§ WHAT TO PRODUCE
Below is a listing with pictures. Repeat exactly the lines starting at the one holding "O'neill Women's Esther" and going on through the one holding "Peanut Butter simmental", and leave every picture out.
--- THE DATA ---
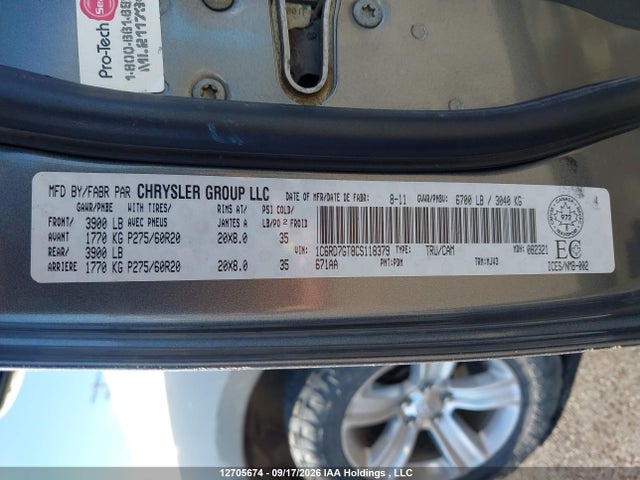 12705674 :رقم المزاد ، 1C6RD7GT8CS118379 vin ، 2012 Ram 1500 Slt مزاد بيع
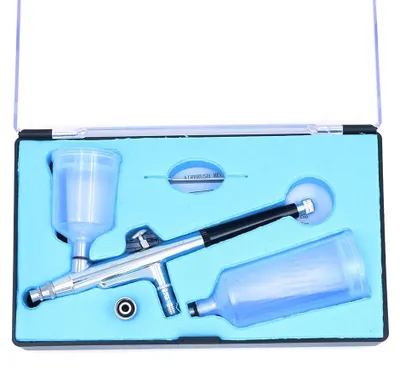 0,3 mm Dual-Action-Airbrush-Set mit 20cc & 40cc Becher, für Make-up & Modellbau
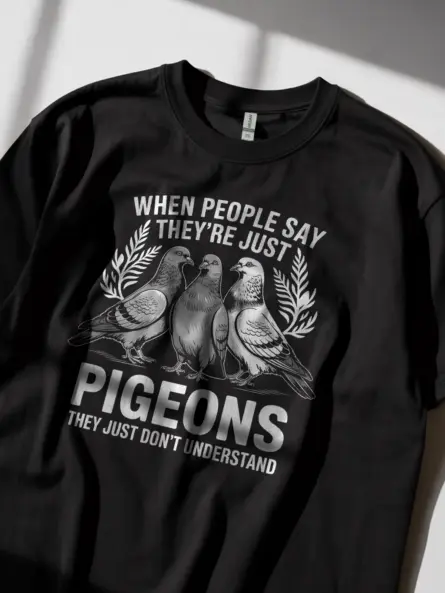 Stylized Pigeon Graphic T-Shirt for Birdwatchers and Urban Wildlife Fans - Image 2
---
--- THE DATA ---
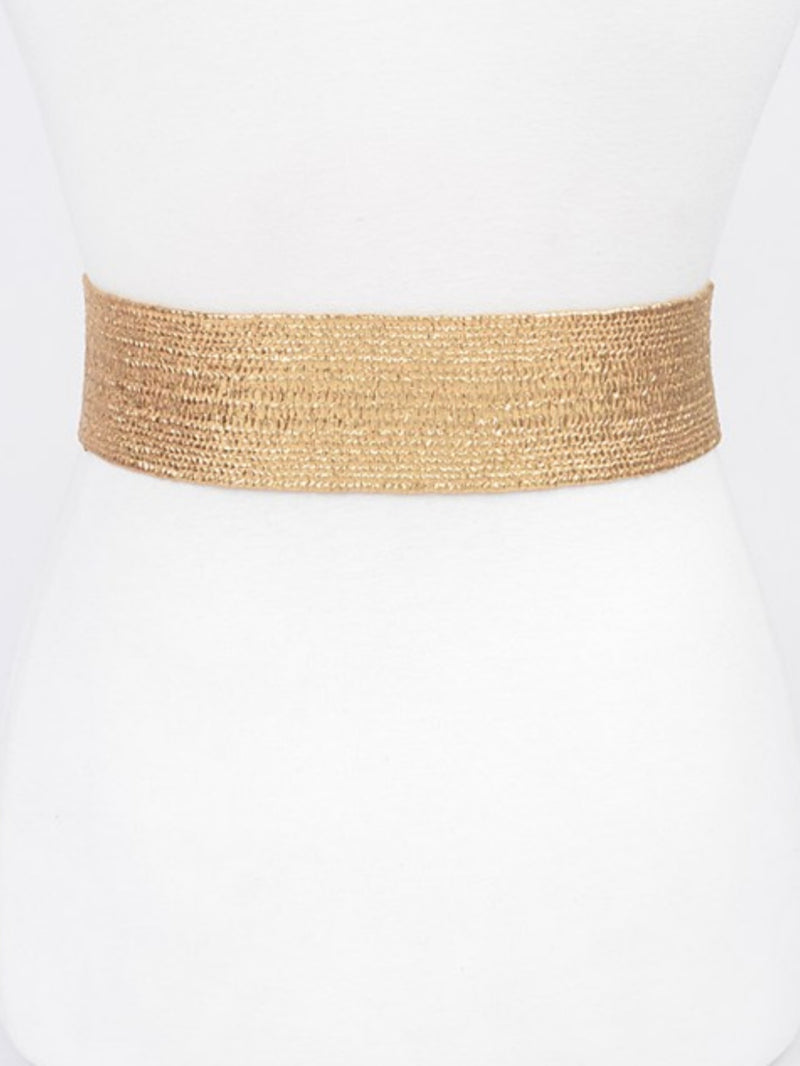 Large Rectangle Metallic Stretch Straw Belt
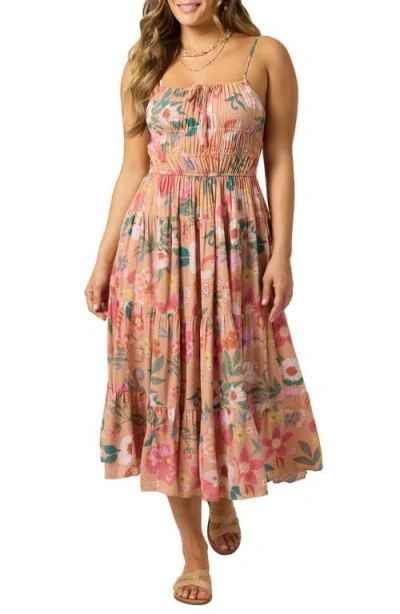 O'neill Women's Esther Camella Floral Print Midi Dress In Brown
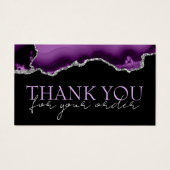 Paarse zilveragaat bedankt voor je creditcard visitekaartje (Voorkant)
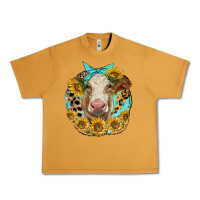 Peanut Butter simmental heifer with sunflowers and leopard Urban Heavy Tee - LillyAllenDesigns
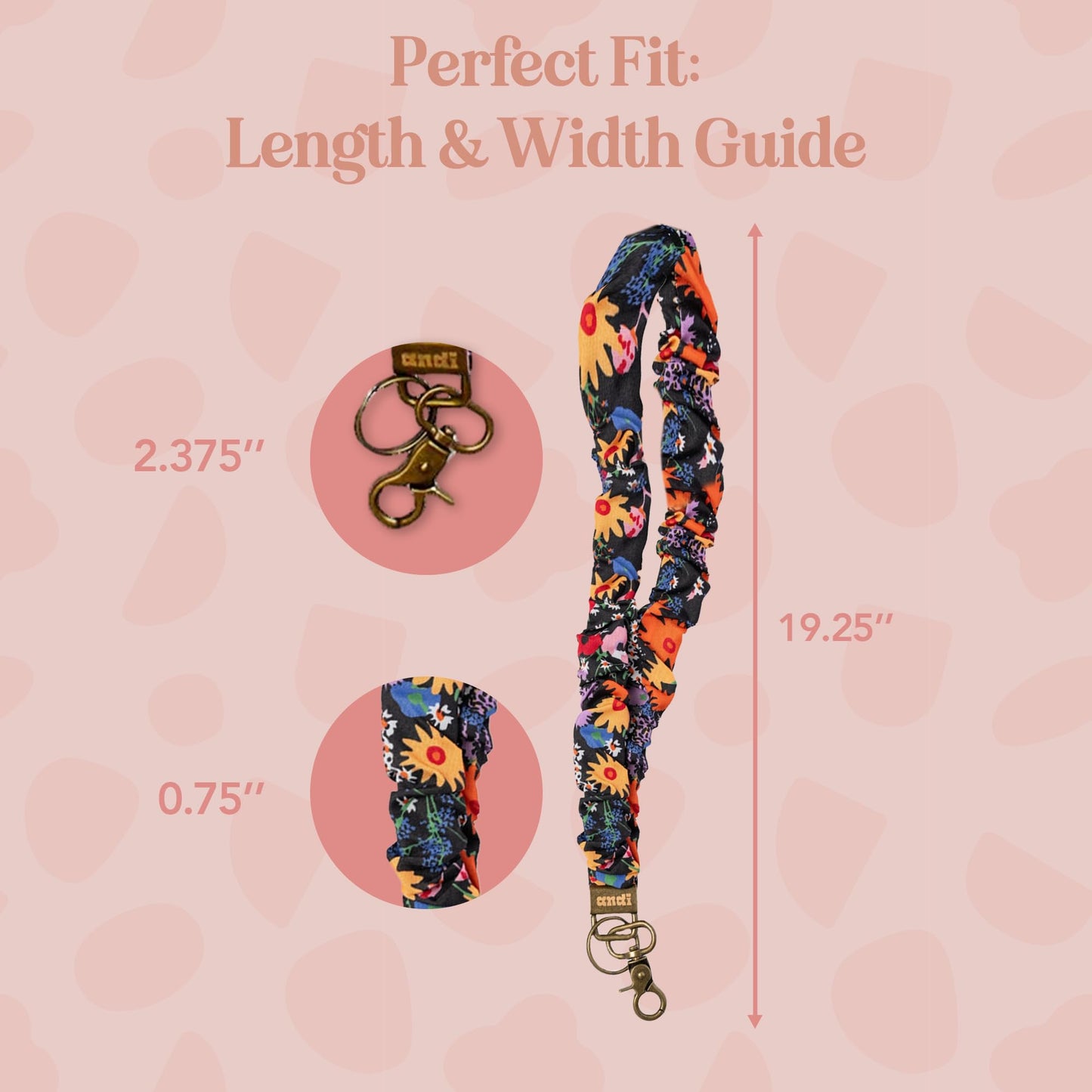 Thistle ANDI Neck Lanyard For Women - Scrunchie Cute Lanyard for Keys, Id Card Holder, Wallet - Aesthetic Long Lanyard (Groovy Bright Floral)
---
--- THE DATA ---
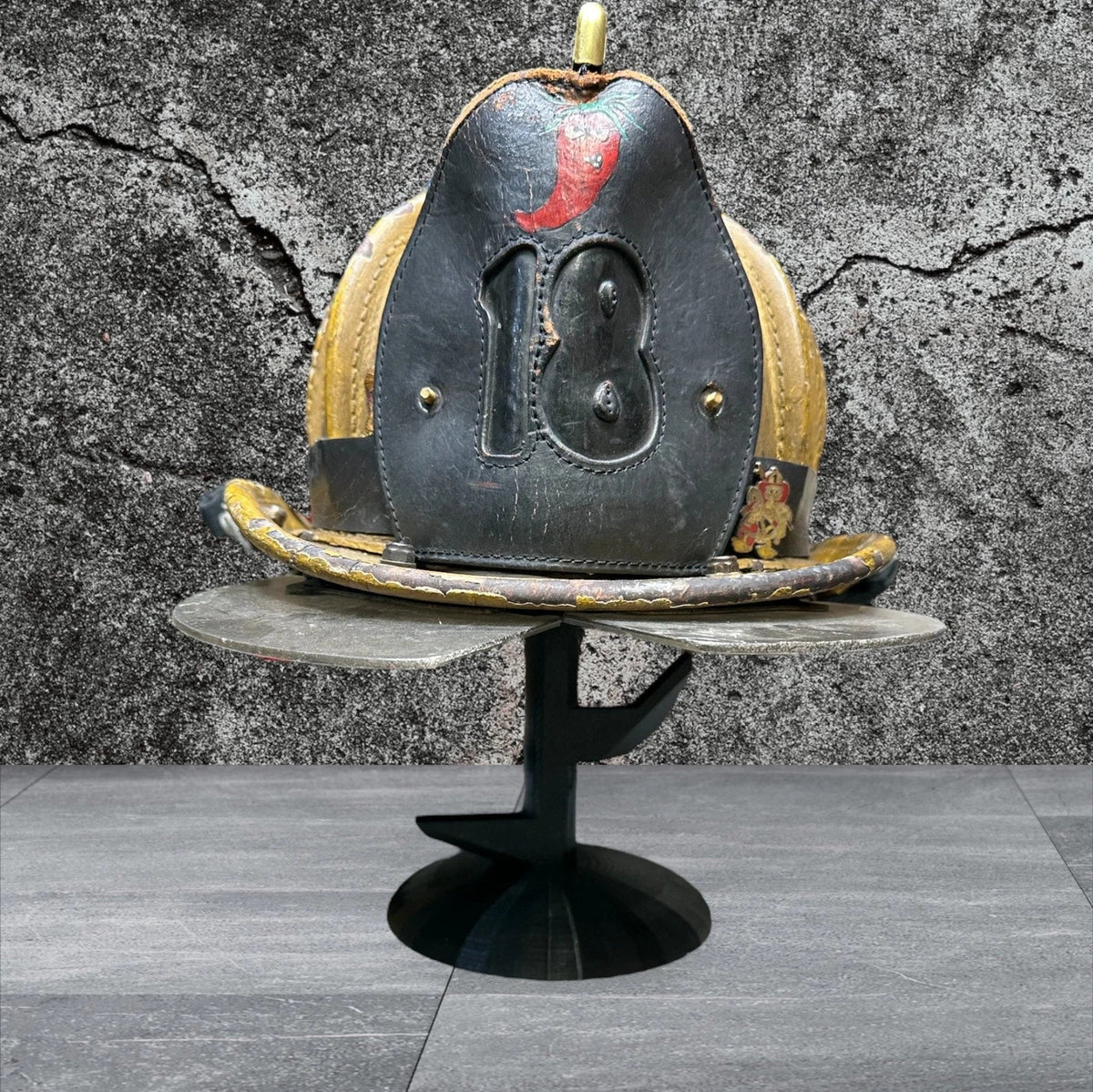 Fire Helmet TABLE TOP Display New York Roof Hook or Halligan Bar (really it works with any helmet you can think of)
---
§ RESPONSE AREA
 O'neill Women's Esther Camella Floral Print Midi Dress In Brown
 Paarse zilveragaat bedankt voor je creditcard visitekaartje (Voorkant)
 Peanut Butter simmental heifer with sunflowers and leopard Urban Heavy Tee - LillyAllenDesigns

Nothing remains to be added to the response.